IT won no Oscar – didn’t even receive a nomination. But, for my money, the film The Boy in the Striped Pyjamas is one of the finest ever made.

I’ve watched it twice. The second time, on BBC2 a fortnight ago, it lost none of its power, even though I knew the plot, with its heartbreaking denouement.

If anything, it gained in impact, not least through the evocation of the untrammelled joy of the German boy, Bruno, in simple pleasures of boyhood – running with outstretched arms to imitate a plane, dashing through a wood slashing at undergrowth with a stick. So innocent – and so much at odds with the sinister world into which he runs.

As you perhaps know, Bruno, son of the commandant of a wartime concentration camp, encounters a Jewish boy of the same age – he of the striped pyjamas – imprisoned in the camp.

Separated by the boundary fence, they nevertheless form a secret friendship, even playing draughts through the wire. But tragedy looms, linked to the camp’s dark purpose.

The climax is almost unbearable to watch, with a frantic search for Bruno, whose mother breaks down uncontrollably. This is the bitter fruit of racial prejudice and denial of our common humanity. And if the actress playing the mother didn’t deserve an Oscar, those playing the two boys did.

The film is prefaced by a quote from John Betjeman: “You and I are as much responsible for these Nazi torture camps as the Germans.”

This is so far from Betjeman’s usual beat that I determined to track it down. It comes in a batch of book reviews by Betjeman published in the Daily Herald newspaper in 1945.

One of the reviews is of Evelyn Waugh’s Brideshead Revisited. “As rich in characters as a Dickens novel,” says Betjeman. “The message is that worldly values are not worth having.” Very good. But the review that matters here is of a mere booklet (price 3d) titled What Buchenwald Really Means, by the publisher Victor Gollancz. The Betjeman quote is primarily the author’s, for Betjeman writes: “Mr Gollancz points out that you and I are as much responsible etc…”

But he continues: “We knew about the camps before the war. But whereas you and I could have protested without getting into trouble, Germans could not have done so without going to one of the camps themselves for speaking out against the Nazi Government.”

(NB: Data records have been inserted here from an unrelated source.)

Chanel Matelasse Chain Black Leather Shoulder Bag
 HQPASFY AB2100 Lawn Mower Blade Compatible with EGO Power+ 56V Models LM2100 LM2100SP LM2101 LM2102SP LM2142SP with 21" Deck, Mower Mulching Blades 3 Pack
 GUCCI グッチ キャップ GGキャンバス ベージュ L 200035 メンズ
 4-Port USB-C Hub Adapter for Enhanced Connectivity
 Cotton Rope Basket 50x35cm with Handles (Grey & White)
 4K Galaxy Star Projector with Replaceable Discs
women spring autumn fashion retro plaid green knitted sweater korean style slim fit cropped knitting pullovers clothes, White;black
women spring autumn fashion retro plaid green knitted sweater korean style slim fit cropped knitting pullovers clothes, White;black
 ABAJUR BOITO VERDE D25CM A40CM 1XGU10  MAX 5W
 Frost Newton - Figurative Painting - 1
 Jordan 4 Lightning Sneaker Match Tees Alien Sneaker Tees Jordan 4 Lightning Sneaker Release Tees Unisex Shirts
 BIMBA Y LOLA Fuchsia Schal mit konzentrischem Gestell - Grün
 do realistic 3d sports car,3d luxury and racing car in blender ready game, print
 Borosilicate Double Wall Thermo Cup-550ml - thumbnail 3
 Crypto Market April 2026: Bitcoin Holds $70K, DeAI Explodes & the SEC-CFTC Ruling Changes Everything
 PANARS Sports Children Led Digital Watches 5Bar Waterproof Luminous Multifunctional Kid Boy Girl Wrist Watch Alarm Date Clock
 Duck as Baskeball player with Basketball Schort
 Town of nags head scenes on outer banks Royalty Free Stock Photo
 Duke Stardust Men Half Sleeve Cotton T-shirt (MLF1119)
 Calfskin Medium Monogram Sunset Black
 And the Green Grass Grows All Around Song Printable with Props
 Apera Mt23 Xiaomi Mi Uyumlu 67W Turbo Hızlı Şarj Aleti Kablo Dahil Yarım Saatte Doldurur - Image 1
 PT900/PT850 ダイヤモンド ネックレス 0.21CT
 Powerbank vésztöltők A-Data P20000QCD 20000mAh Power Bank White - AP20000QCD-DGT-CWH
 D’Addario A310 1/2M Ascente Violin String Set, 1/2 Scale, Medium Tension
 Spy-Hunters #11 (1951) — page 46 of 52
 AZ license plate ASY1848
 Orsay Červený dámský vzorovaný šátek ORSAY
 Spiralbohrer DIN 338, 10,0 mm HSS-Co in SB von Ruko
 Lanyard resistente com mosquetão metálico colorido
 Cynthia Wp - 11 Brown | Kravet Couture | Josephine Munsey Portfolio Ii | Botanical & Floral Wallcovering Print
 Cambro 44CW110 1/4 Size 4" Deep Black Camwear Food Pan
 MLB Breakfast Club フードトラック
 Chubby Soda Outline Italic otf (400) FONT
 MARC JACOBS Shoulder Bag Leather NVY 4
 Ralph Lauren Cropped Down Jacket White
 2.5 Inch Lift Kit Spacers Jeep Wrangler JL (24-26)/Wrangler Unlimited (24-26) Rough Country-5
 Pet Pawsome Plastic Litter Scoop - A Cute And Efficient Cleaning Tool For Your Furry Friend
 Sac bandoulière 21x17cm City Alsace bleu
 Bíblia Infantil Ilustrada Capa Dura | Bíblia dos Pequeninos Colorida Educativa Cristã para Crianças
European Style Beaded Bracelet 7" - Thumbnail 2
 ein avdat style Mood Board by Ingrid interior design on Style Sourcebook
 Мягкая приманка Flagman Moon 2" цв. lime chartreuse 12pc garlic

Since then, the universal call has been: Never again.

So what’s this? In Donetsk, worshippers emerging from the synagogue have been handed leaflets by masked men ordering “citizens of Jewish nationality” to register with the new pro-Russian administration, pay a fee and provide a list of their property and their “family composition.”

The new (pro-Russian) administration denies responsibility. Signalling the mind games that always bedevil any crisis like that in Ukraine, it claims the leaflet could be the work of the Kiev-based government, to discredit the pro-Russian cause.

But Donetsk’s rabbi, Pinchas Vishedski, says: “For us it doesn’t matter who made the leaflet. For us, the terrible fact is that someone made it.”

Yet he insists there is “no Jewish question” in Donetsk. “We are a piece of Donetsk. We are all together.” That’s what The Boy in the Striped Pyjamas unforgettably urges. Hope wants it to be true.